ACTIVITY: Among the entries below, find the lines with the word "Spring" and return them.

═══ SUPPLIED DATA

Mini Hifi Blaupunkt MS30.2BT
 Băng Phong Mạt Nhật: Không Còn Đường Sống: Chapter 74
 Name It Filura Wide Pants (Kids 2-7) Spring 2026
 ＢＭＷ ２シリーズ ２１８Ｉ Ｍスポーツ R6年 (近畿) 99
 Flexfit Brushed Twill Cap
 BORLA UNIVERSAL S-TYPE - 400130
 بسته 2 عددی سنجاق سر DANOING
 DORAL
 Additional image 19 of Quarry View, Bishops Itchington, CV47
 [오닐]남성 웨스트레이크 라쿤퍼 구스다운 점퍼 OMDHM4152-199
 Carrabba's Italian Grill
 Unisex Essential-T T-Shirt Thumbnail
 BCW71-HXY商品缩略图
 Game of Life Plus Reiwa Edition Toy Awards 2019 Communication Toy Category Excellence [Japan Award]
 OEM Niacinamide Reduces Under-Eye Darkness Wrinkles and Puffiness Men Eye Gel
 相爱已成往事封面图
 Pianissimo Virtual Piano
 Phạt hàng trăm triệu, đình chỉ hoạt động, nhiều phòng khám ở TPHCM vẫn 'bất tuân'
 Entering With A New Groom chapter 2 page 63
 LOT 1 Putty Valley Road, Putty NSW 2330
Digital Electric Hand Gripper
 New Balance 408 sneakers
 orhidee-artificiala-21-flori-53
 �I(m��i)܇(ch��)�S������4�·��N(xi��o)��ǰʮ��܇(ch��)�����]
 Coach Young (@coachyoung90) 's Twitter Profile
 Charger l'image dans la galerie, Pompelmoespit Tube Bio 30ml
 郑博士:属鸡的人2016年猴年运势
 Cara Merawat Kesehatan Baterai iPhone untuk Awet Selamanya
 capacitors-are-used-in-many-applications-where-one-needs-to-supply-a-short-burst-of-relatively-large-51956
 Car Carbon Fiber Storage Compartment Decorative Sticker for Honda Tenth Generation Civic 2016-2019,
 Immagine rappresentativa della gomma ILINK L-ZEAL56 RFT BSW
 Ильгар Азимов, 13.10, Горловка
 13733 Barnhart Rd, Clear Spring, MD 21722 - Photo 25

══════

EXERCISE SOLUTION:
 Name It Filura Wide Pants (Kids 2-7) Spring 2026
 13733 Barnhart Rd, Clear Spring, MD 21722 - Photo 25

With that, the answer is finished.